В первые же два часа моего плавания на подводной лодке выяснилось, что у подводников своя система ознакомления вновь прибывшего с устройством лодки. Хотя мы шли на большой лодке типа «Л», но мне казалось, что на ней очень тесно. Бесконечное количество приборов, труб, каких-то медных шлангов, клапанов, рычагов. Наконец, узкие люки, ведущие из отсека в отсек. Все это без привычки делало лодку почти непроходимой.
Система моего знакомства с ней заключалась в следующем простом способе. Когда я ударялся обо что-нибудь головой, плечом, носом, ногой или какой-нибудь другой частью тела, ближайший подводник с невозмутимым лицом говорил: «А это, товарищ Симонов, привод вертикального руля глубины». «А это — клапан вентиляции». А когда я, не заметив, что люк открыт, шагнул и провалился до пояса в аккумуляторное отделение, то старший помощник Стршельницкий сначала сказал мне: «А это аккумуляторное отделение» — и только потом протянул мне руку, чтобы я мог вылезти из этого отныне знакомого мне отделения.

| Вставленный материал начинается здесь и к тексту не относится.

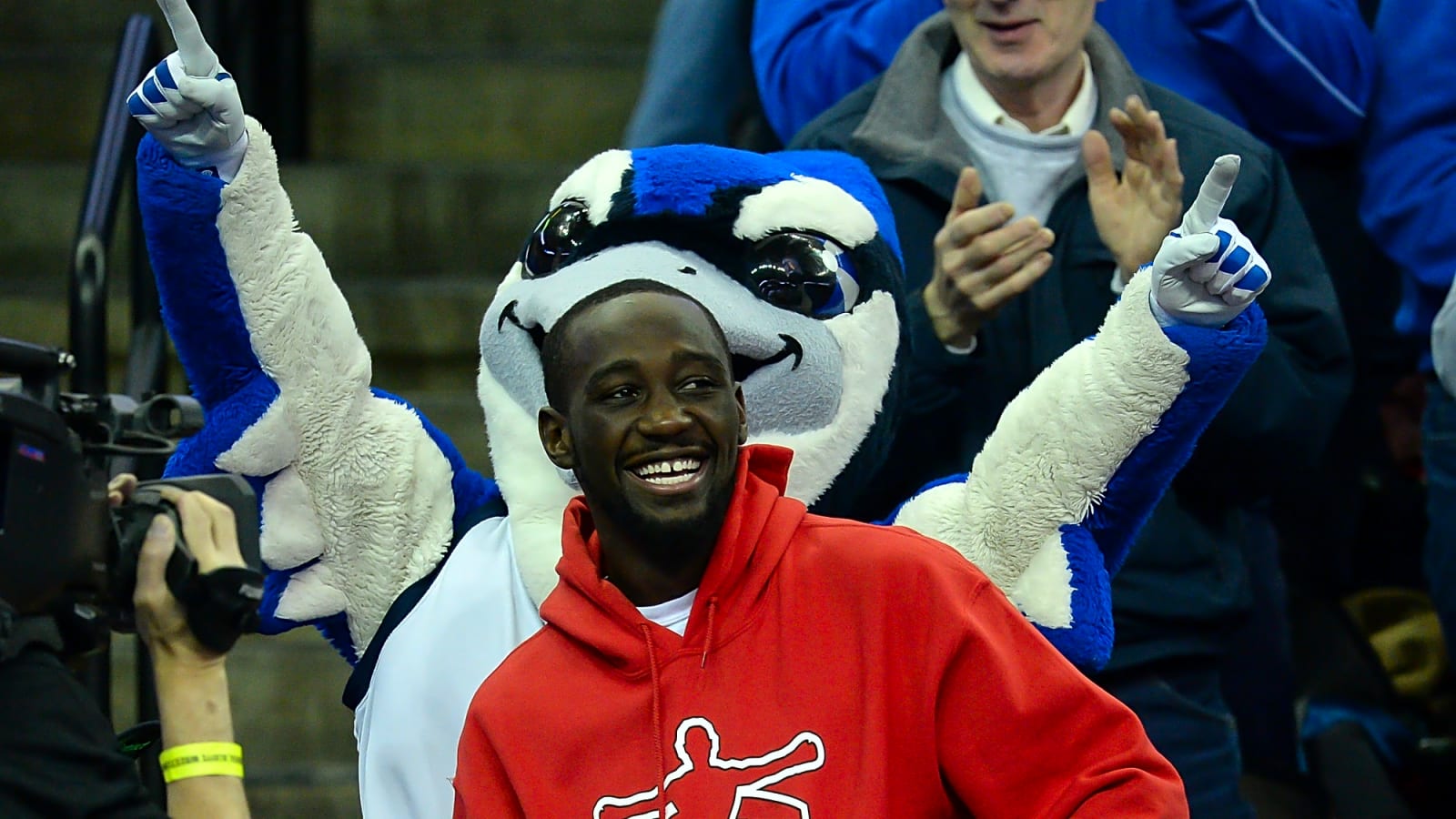Terence Crawford Gives Errol Spence Jr. His Flowers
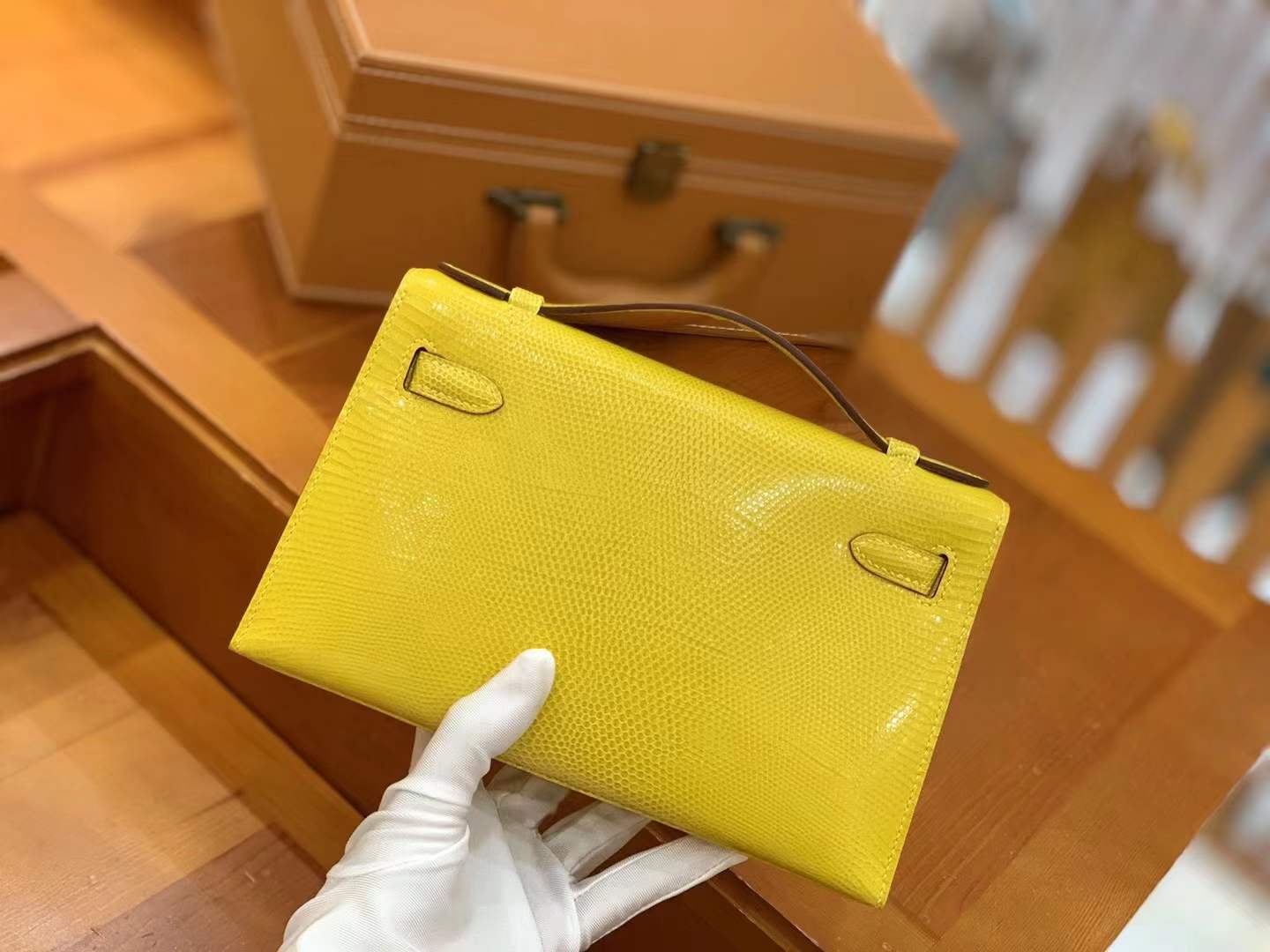 Hermès Kelly Mini 22 Pochette Lizard Jaune De Naples PHW Hermès Kelly Mini 22 Pochette Lizard Jaune De Naples PHW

Явился я на лодку в полном морском обмундировании — в кителе и суконных штанах. Эти штаны продержались на мне до обеда. Лодка шла полным ходом, и в ней было дико жарко. Дисциплина на лодке строжайшая. Но это дисциплина по существу. А формальной дисциплины в плавании не придерживаются.
На вахте почти все стоят в штанах на голое тело, в майках или в холщовых открытых комбинезонах. Сесть за командирский стол в расстегнутом френче, или без френча, или в комбинезоне за грех не считается. И в самом деле, застегиваться на все пуговицы и крахмалиться здесь просто невозможно физически.